I see several paths forward on this:
1) Make an existing protocol and client work. Whether ftp or rsync or http or scp, they think they're copying a tree of filles. a) Give people access to something that looks like a tree of folders, and just let them recurse as needed using "wget -m". Doesn't quite make me want to barf. 2) Make an existing protocol work, even if a new client is needed for optimal use. E.g. wget -m with an extra parameter that only shows the client new files since the date of the last sync. 3) Devise a new protocol. Call it "BCD" for "Big Copy of Data". a) I'm thinking that the client should have the capability of asking for files with timestamps in a given range. b) The client would then be able to keep a record of the timestamp ranges for which it is currently accurate. c) A file deletion event would have a timestamp.
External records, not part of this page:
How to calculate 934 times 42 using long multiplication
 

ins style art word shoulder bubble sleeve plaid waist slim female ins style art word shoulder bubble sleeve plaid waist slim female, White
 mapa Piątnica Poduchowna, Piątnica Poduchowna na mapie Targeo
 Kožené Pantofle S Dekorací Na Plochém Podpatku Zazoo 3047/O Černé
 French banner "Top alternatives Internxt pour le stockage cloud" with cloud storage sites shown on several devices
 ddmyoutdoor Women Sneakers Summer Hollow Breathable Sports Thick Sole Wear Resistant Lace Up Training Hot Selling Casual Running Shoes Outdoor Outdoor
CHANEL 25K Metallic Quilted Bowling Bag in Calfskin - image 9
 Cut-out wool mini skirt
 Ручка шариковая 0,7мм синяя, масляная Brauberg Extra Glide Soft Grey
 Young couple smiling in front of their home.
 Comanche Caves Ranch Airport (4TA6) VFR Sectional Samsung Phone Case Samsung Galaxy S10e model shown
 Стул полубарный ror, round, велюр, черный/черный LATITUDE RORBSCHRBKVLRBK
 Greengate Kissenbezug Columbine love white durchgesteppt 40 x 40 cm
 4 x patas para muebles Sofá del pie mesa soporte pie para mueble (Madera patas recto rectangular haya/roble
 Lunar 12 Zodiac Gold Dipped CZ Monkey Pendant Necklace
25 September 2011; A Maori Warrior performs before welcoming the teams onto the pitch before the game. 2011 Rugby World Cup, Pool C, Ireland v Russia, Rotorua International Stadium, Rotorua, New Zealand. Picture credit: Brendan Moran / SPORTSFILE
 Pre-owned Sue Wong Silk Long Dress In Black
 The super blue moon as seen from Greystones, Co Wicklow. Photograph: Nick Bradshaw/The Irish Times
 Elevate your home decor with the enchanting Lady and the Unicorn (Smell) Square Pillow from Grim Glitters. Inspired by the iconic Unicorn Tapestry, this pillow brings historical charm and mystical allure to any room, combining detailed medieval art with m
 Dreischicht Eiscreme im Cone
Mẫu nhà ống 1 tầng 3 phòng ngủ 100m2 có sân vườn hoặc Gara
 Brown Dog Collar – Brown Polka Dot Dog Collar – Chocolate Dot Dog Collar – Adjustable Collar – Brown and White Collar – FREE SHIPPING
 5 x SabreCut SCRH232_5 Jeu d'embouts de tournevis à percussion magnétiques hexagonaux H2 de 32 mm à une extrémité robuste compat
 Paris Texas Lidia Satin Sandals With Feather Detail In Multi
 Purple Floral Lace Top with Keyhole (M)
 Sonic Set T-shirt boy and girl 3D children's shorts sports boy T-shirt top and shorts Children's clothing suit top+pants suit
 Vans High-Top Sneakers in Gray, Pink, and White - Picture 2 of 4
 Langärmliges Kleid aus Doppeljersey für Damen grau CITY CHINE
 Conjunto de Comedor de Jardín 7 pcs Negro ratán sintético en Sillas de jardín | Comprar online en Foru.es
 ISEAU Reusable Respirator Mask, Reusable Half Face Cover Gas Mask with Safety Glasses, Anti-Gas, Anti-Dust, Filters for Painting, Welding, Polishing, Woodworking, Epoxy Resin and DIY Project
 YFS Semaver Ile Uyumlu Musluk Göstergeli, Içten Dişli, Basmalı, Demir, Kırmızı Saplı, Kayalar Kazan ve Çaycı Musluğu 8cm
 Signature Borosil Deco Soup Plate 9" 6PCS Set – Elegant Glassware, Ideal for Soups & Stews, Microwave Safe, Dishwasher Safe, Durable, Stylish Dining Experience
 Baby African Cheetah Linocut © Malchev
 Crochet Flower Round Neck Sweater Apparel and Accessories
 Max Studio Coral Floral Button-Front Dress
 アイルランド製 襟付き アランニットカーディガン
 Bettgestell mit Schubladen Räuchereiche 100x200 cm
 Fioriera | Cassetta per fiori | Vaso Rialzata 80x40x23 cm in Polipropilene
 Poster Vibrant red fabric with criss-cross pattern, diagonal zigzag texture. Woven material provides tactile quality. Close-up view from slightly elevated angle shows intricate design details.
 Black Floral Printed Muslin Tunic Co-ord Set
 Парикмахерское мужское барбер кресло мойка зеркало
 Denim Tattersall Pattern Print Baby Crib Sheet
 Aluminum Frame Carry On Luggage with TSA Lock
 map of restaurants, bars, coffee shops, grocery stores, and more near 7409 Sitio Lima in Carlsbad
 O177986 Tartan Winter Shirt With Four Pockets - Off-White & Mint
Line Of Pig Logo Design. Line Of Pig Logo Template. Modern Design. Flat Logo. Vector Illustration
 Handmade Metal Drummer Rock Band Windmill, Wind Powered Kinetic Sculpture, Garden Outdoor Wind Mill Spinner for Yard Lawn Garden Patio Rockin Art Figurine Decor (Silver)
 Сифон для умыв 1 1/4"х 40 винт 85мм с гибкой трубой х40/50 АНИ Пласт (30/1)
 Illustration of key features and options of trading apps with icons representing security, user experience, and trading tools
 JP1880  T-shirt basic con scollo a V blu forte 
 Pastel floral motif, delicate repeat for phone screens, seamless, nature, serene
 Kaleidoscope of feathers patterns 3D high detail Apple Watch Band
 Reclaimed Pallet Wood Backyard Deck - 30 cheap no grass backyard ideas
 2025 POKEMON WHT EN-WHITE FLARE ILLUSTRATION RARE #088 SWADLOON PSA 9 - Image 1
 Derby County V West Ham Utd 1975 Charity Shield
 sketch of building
Once deleted, the file would be unavailable even if its timestamp was requested. d) Any change in filename becomes an edit event. e) The idea is that a client would never have to re-ask for a timestamp range again. ______________________________________ From: wikitech-l-bounces@lists.wikimedia.org [wikitech-l-bounces@lists.wikimedia.org] on behalf of Brion Vibber [brion@pobox.com] Sent: Monday, August 15, 2011 8:06 PM To: Wikimedia developers Subject: Re: [Wikitech-l] forking media files
A more customized protocol might end up better at that; offhand I'm not sure if rsync 3's protocol can be super convenient at that or whether something else would be needed.